Cooler and more seasonal weather was expected to return to country's midsection in the second half of the week, along with rain, but forecasters said temperatures were likely to remain above normal.

"Things are eventually going to cool down. The question is exactly when," said Frank Strait, a meteorologist with AccuWeather.com.

"It's starting to look as though that storm that is over the western states now will take a little longer to push eastward than we originally thought. So it may take a little longer to get the cool down in place in the Midwest."

The National Storm Prediction Center warned of a risk of severe weather on Sunday in parts of Nebraska, Kansas, Oklahoma and Texas with the possibility of dangerous thunderstorms known as supercells.

Roger Edwards, a meteorologist at the Storm Prediction Center, said the primary risk was for large hail and damaging straight line winds. But he said the storms could trigger "a few tornadoes" as well.

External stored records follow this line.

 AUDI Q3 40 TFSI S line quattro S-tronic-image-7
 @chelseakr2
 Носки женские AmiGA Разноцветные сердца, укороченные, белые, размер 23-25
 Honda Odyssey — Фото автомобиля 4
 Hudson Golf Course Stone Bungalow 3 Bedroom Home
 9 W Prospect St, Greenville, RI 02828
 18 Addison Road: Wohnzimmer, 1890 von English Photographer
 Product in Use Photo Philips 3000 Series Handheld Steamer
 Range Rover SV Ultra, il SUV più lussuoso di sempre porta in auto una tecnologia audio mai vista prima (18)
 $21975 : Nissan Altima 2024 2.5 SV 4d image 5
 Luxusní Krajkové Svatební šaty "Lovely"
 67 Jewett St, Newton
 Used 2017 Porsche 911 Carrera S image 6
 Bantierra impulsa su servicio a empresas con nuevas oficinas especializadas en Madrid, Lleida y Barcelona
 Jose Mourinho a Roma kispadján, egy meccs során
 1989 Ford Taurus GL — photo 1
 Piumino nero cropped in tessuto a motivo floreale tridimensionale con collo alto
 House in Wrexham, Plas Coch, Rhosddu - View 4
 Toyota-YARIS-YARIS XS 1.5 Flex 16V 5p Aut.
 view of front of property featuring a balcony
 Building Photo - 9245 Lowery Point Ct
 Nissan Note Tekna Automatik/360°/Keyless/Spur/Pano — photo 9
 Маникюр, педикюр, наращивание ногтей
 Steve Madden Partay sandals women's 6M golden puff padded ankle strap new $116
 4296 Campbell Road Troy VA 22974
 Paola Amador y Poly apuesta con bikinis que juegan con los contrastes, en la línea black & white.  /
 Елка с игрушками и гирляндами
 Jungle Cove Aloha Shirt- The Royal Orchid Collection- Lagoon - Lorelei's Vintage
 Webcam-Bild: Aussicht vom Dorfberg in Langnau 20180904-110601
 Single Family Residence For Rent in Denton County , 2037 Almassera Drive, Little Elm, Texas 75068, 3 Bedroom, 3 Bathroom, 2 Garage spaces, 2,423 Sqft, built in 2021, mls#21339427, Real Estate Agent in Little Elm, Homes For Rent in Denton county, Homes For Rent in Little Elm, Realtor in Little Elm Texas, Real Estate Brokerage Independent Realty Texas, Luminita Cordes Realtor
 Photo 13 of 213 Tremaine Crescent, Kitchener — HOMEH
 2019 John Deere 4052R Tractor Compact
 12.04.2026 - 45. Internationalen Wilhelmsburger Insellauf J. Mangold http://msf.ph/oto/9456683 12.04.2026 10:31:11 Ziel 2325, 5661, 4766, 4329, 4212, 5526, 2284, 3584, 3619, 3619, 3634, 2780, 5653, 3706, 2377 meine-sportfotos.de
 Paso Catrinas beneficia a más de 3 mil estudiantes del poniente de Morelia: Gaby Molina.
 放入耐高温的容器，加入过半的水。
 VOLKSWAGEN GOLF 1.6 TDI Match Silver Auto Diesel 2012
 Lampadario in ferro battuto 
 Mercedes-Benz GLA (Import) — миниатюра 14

Two weeks ago last Friday, a chain of fast-moving twisters spawned by massive thunderstorms killed dozens of people in the Midwest and South.

In the West, a winter storm was expected to bring another day of rain to the coast and snow further inland on Sunday.

In California, the rain was heavy in places and snow levels dropped low enough in the mountains to force the closure of some passes, AccuWeather.com said.

In Arizona, heavy snow in the area around Flagstaff temporarily closed portions of several interstate highways, according to the transportation department.

"It's a pretty large and sprawling system," Strait said.

"I've seen reports of over two feet of snow in the Sierra and I'm sure we'll hear similar reports from the Colorado Rockies, the Wasatch in Utah and areas in northern Arizona."